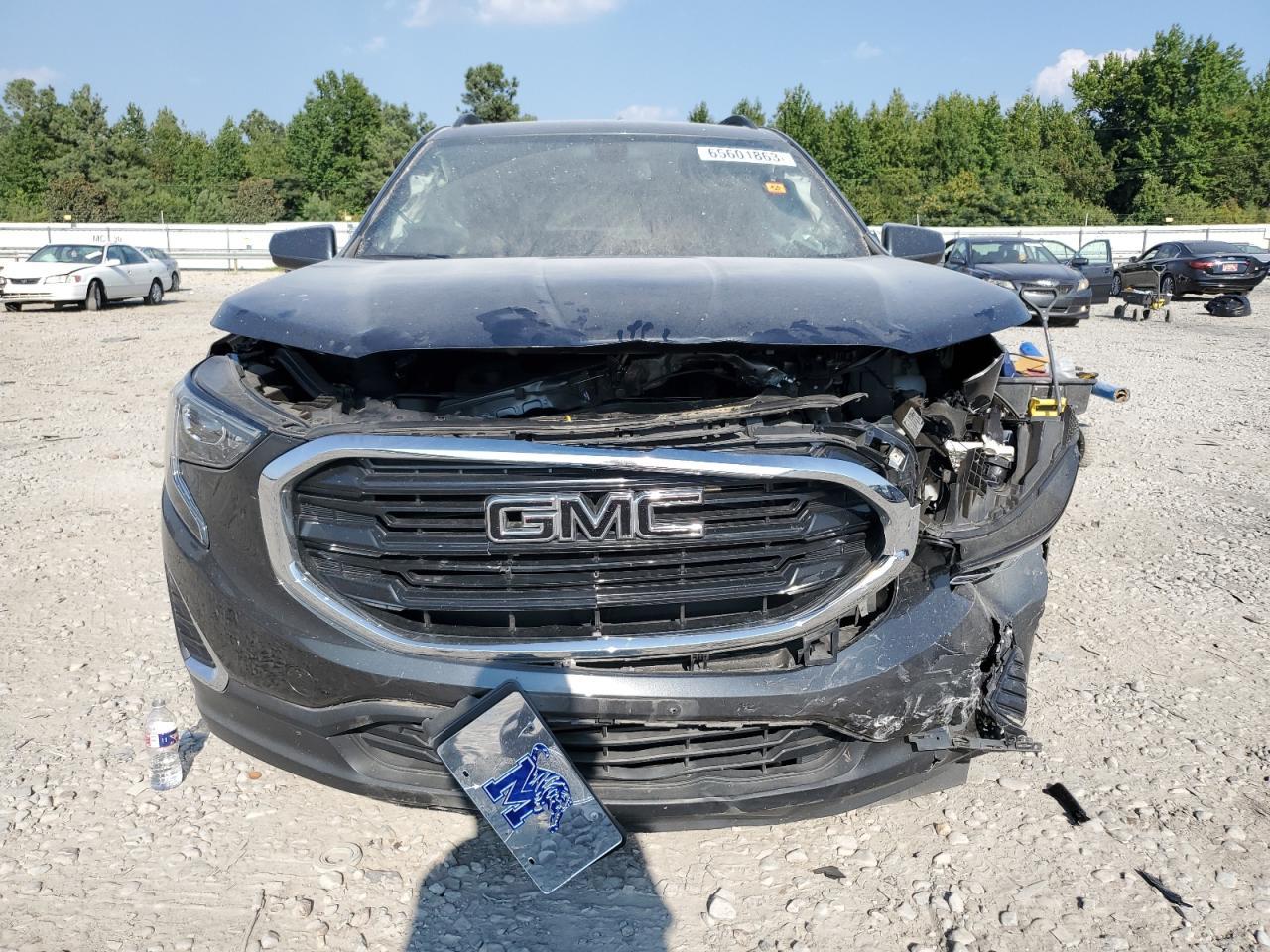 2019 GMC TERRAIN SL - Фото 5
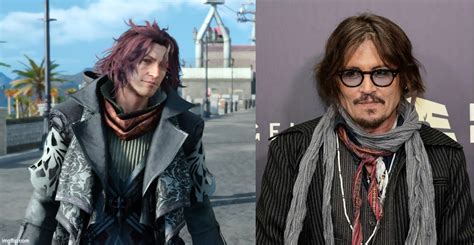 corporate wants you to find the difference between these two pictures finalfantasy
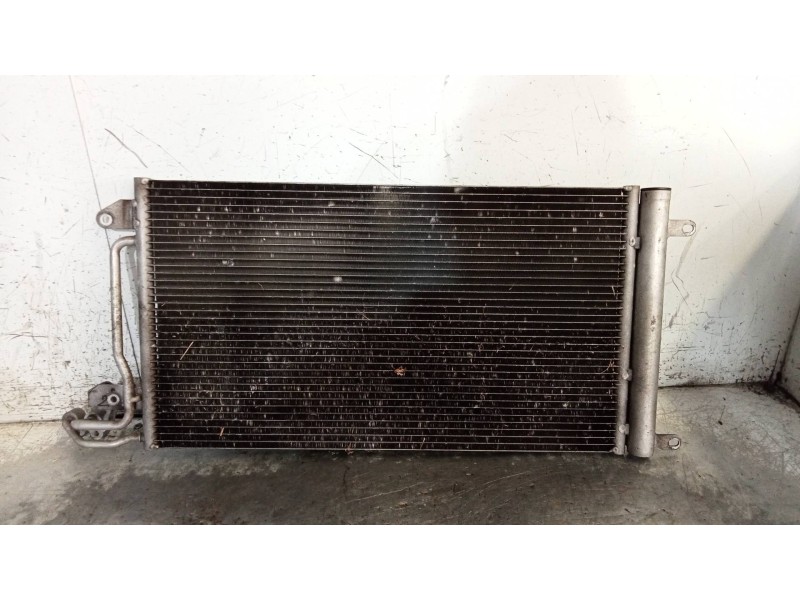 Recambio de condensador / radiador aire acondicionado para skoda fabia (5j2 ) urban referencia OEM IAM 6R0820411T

▶ _WORK TO COMPLETE_
The answer should consist only of the lines from the one with "corporate wants you" through the last line of the material above, copied exactly, with no pictures.

▶ _TASK SOLUTION_
 corporate wants you to find the difference between these two pictures finalfantasy
 Recambio de condensador / radiador aire acondicionado para skoda fabia (5j2 ) urban referencia OEM IAM 6R0820411T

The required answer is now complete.